Apesar dos progressos apresentados em alguns aspectos (como a educação, por exemplo), desde 1994 os índices globais de igualdade de gênero não apresentam avanços demonstrando um grande preconceito social em relação ao papel das mulheres na sociedade, na economia e no exercício da autonomia. Uma constatação é de que todos os desafios que enfrentamos para ocupar espaços (e quando os ocupamos) não estão ligados apenas às conjunturas; são desafios que são determinados pela estrutura da sociedade, profundamente desigual, moldado por e para homens.
O que chama a atenção ainda é a equalização dos entrevistados (mesmo percentual) em relação a homens e mulheres, destacando o quanto as mulheres compactuam com as práticas e opiniões machistas. Oprimidas pelo patriarcado e reproduzindo o discurso dos opressores, muitas mulheres que, como nós, sofrem violência e preconceito se colocam como forças auxiliares dos homens na reprodução do machismo, por vezes cometendo atos tão ou mais violentos com declarado na pesquisa. Para com esse machismo ainda não estamos preparadas para lidar.
A legislação e os direitos das mulheres avançam rumo a igualdade em relação aos homens, mas as atitudes e o pensamento social não, o que reflete um conservadorismo social no que tange aos papéis exercidos por mulheres agora quantificados pela ONU.

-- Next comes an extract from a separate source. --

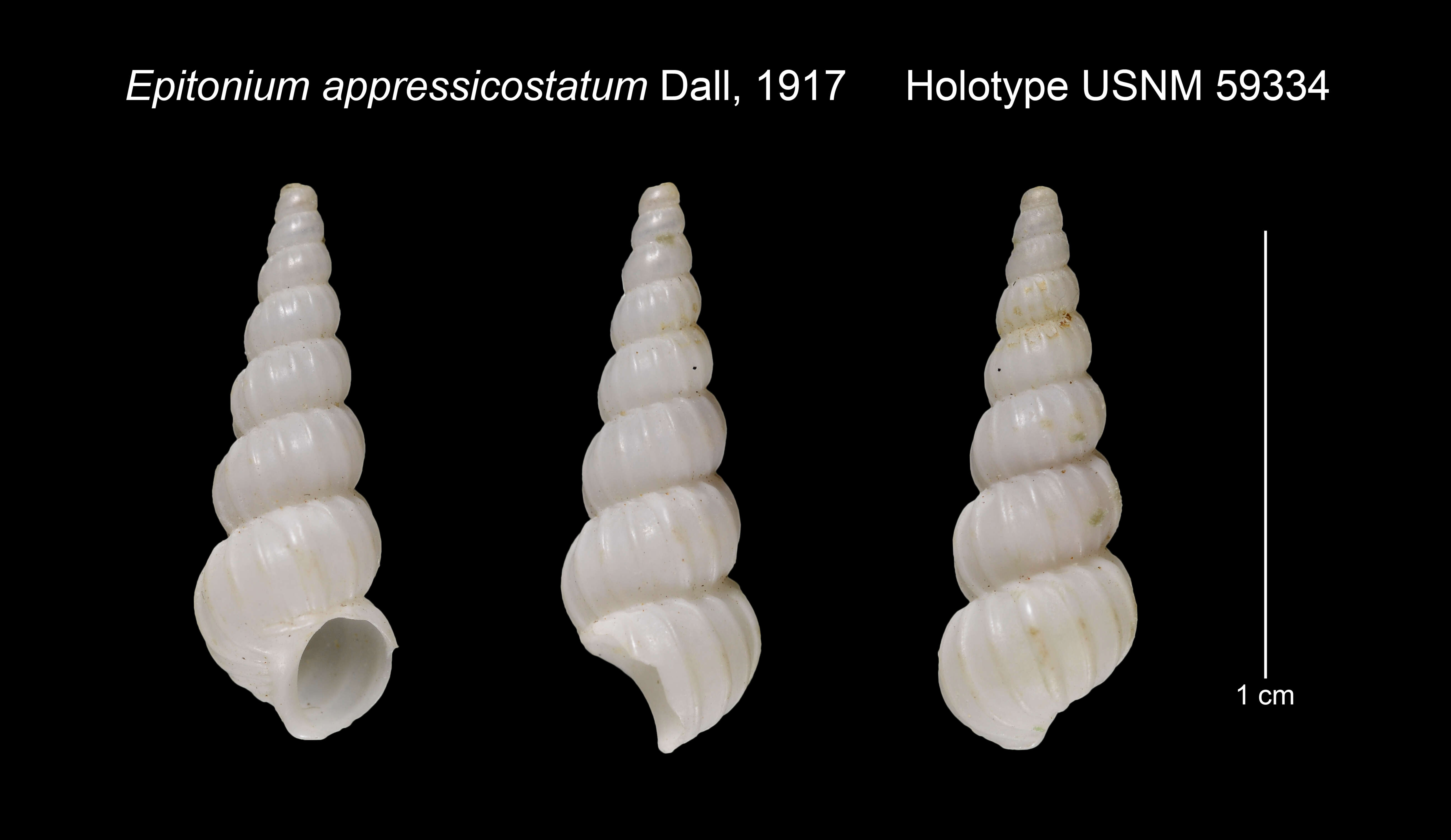 Image of Epitonium appressicostatum Dall 1917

A violência de gênero em todos os seus desdobramentos (física, política, psicológica, patrimonial, moral) é legitimada e assim naturalizada pela sociedade, inclusive pelas próprias mulheres. Os métodos são atualizados todos os dias: da chibatada em praça pública, à cassação de mandatos eletivos, aos ataques de ódio nas redes sociais, às nomenclaturas depreciativas da nossa imagem e do nosso corpo, à referência ao nosso modo de vestir (loucas do chilique, destemperadas).
Como lidar com tudo isso?
Sem dúvida que a direção é quebrarmos nossas próprias barreiras, desafinar o coro dos contentes e enfrentarmos as violências, o que ainda não estamos acostumadas a fazer, e tratá-las como elas são: VIOLÊNCIAS. Pelo combate diário ao discurso de ódio, e pela informação. Não apenas ocupar espaços de poder e decisão, mas qualificar a ocupação desses espaços com o enfrentamento ao machismo seja ele de homens ou de mulheres, um exercício de educação e respeito cotidianos.

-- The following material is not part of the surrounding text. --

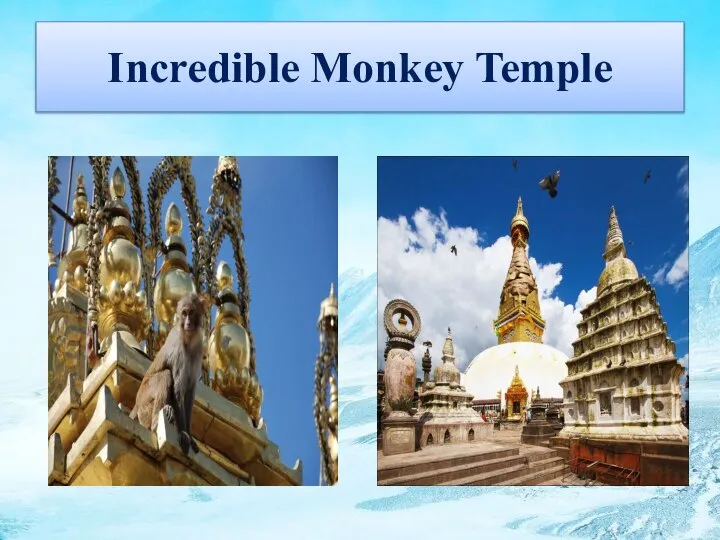 Incredible Monkey Temple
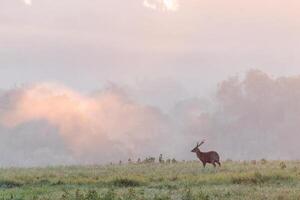 A deer stands in a field with fog in the background photo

Por isso, mulheres, “mais amor de nós mesmas e uma das outras”. Somente assim é que conseguiremos enfrentar a estrutura machista, misógina e patriarcal, pela alteridade de umas com as outras.
(*) Mulher, Advogada, Pesquisadora, Mestre em Direito Público, Especialista em Ciências Penais, autora do livro Democracia Participativa e Planejamento Estatal: o exemplo do plano plurianual no município de Contagem. Secretária de Defesa Social de Contagem/MG, Sócia do França e Grossi Advogados.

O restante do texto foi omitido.